__Given information__:
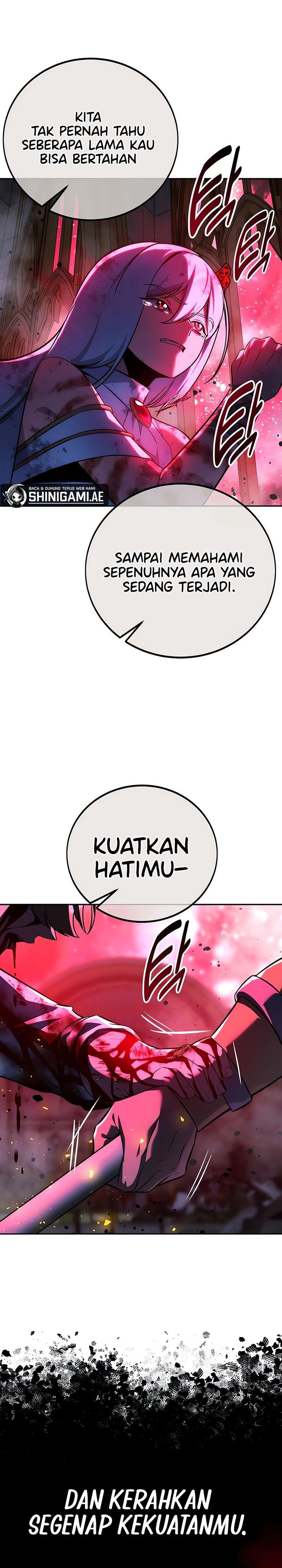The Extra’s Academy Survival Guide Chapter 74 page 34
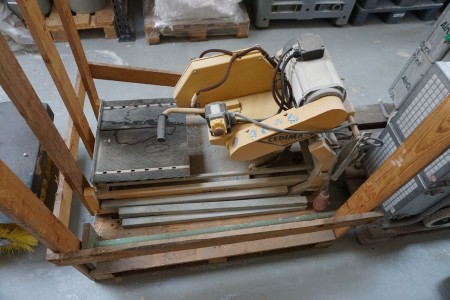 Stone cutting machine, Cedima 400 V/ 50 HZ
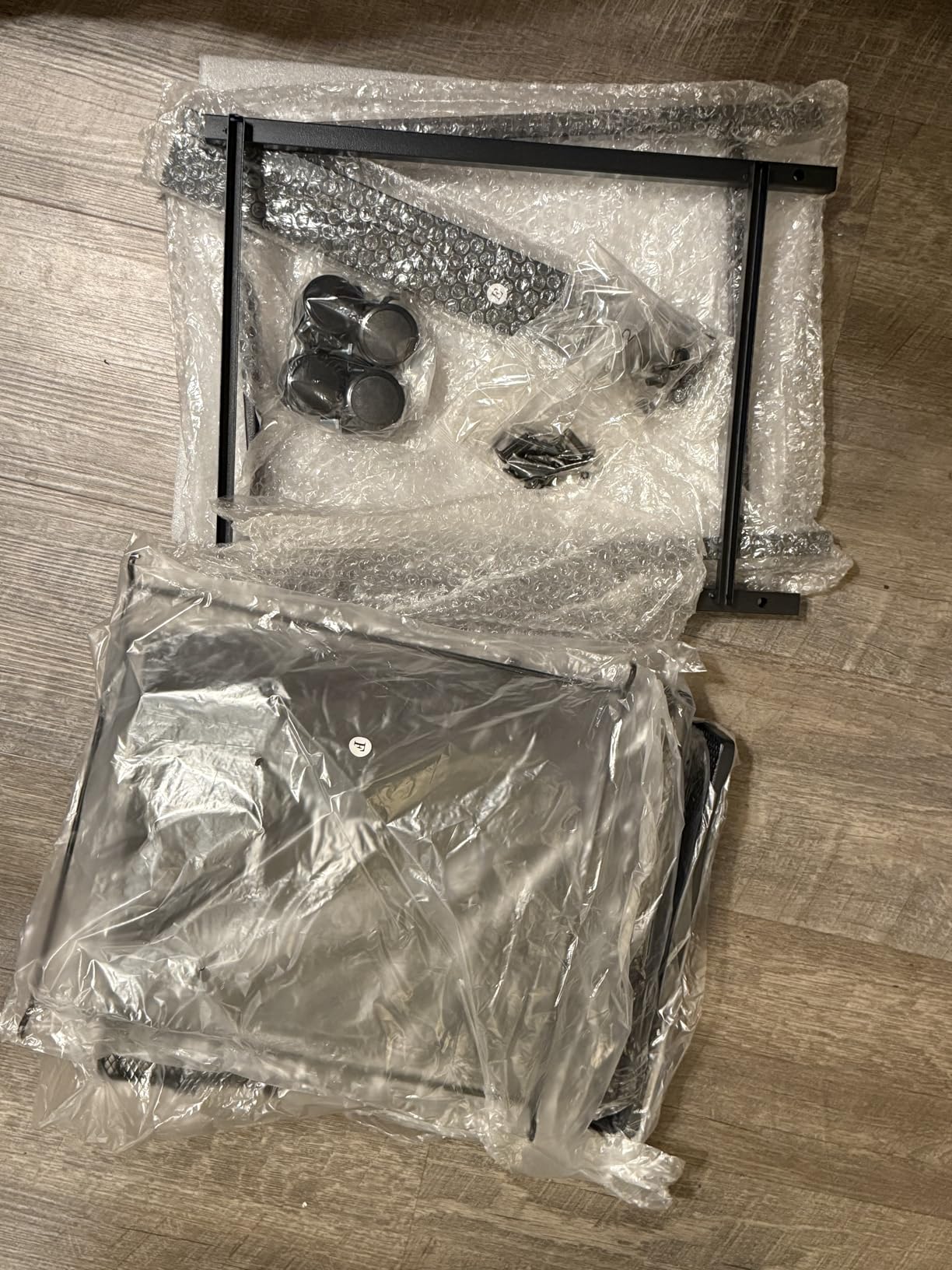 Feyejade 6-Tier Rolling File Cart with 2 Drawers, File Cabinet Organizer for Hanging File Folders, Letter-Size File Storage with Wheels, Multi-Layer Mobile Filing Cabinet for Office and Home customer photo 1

__What the task requires__: Reproduce the material above exactly, first line through the line that contains "Stone cutting machine, Cedima 400 V/ 50 HZ", minus the pictures.

__Written answer__:
The Extra’s Academy Survival Guide Chapter 74 page 34
 Stone cutting machine, Cedima 400 V/ 50 HZ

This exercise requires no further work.